Requirement → When you copy the data, keep every line exactly as written and skip the pictures.

Image-text web data
────────

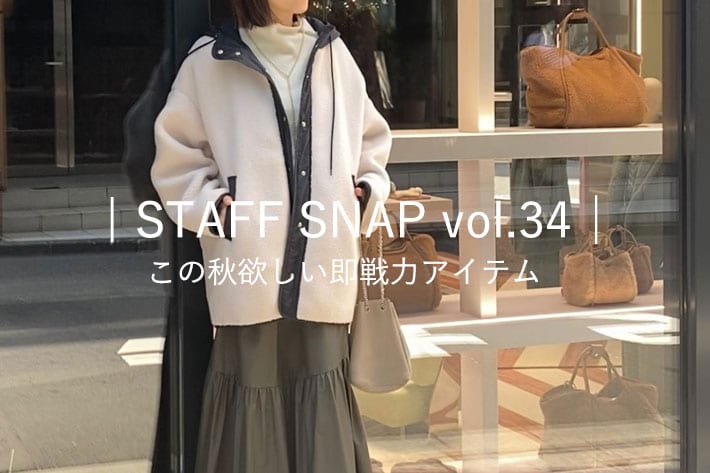 | STAFF SNAP vol.34│ この秋欲しい即戦力アイテム 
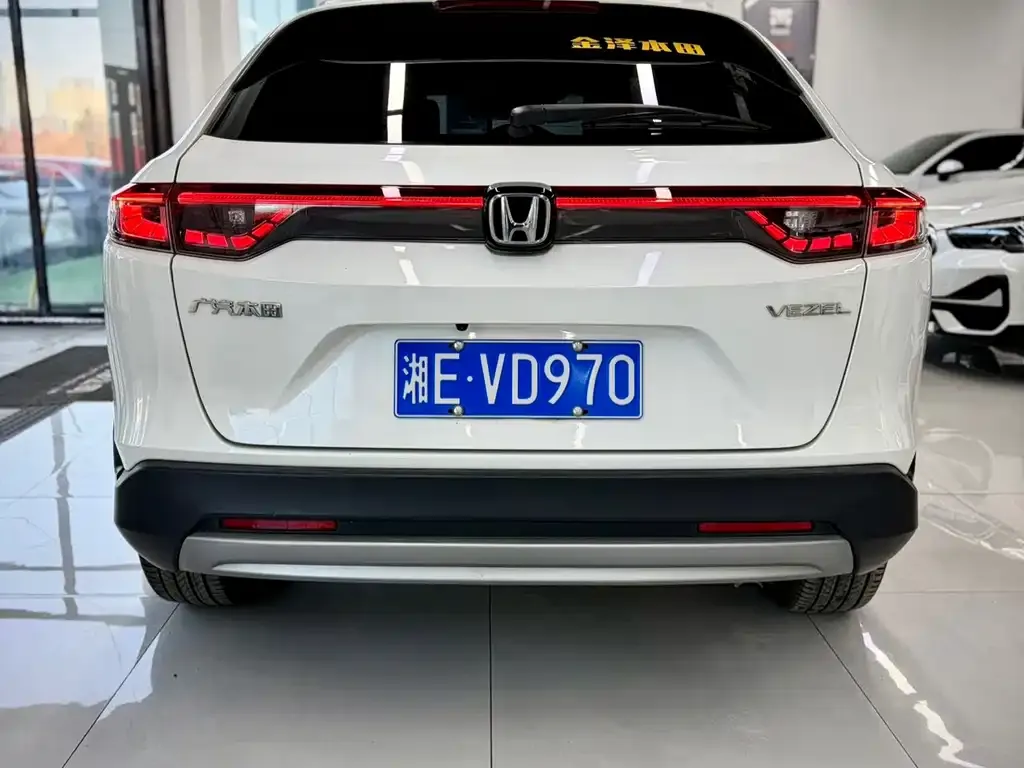 Honda Vezel 2023 из CN, фото 5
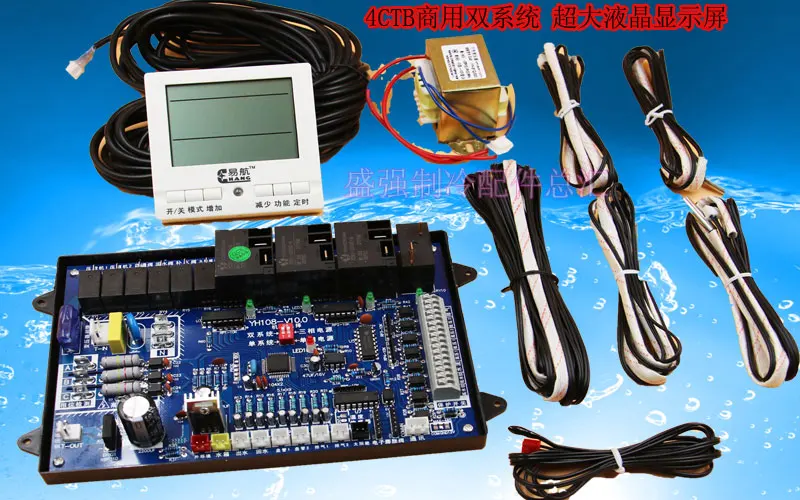 Solar / air energy water heater / heat pump circuit board / control board / single / dual system 380V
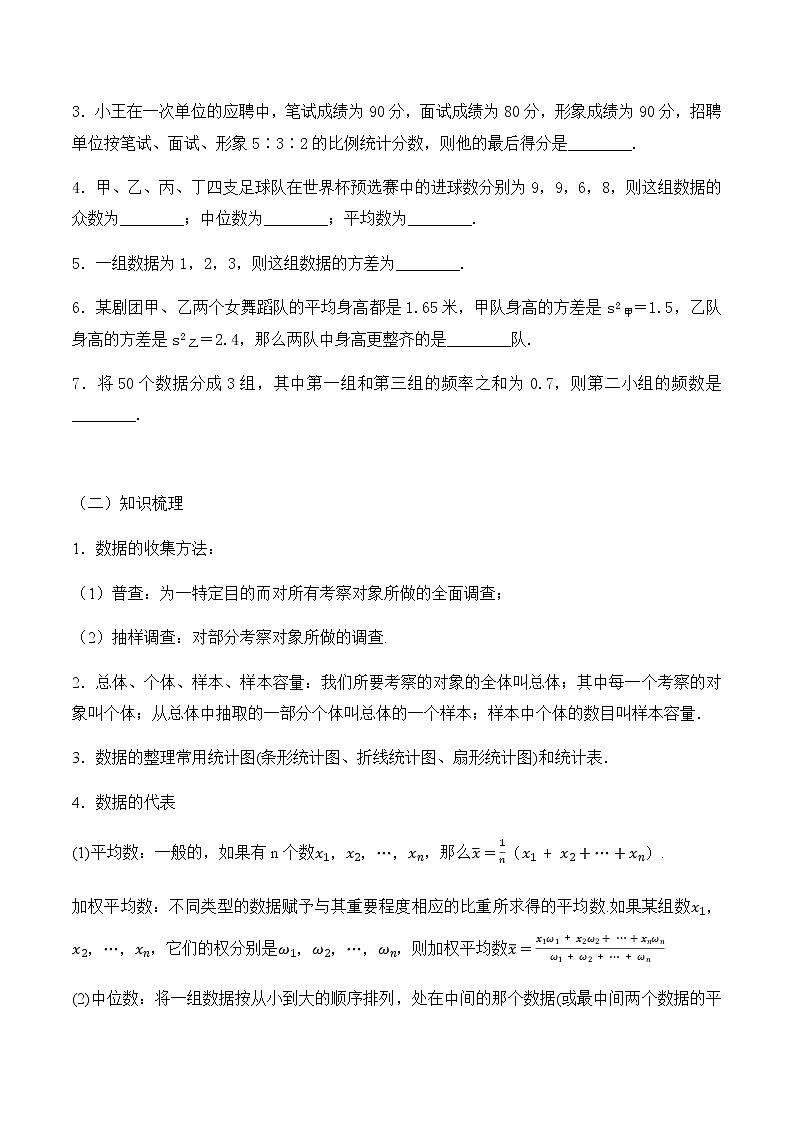 2020年九年级数学中考专题复习《统计》学案02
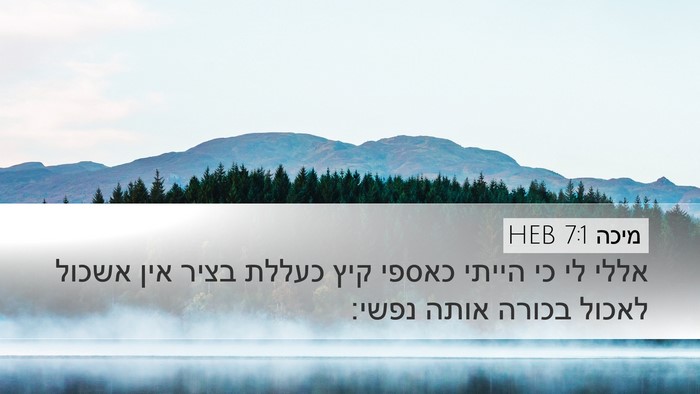 מיכה 7:1 HEB Bible Verse Image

────────

Solved exercise →
 | STAFF SNAP vol.34│ この秋欲しい即戦力アイテム 
 Honda Vezel 2023 из CN, фото 5
 Solar / air energy water heater / heat pump circuit board / control board / single / dual system 380V
 2020年九年级数学中考专题复习《统计》学案02
 מיכה 7:1 HEB Bible Verse Image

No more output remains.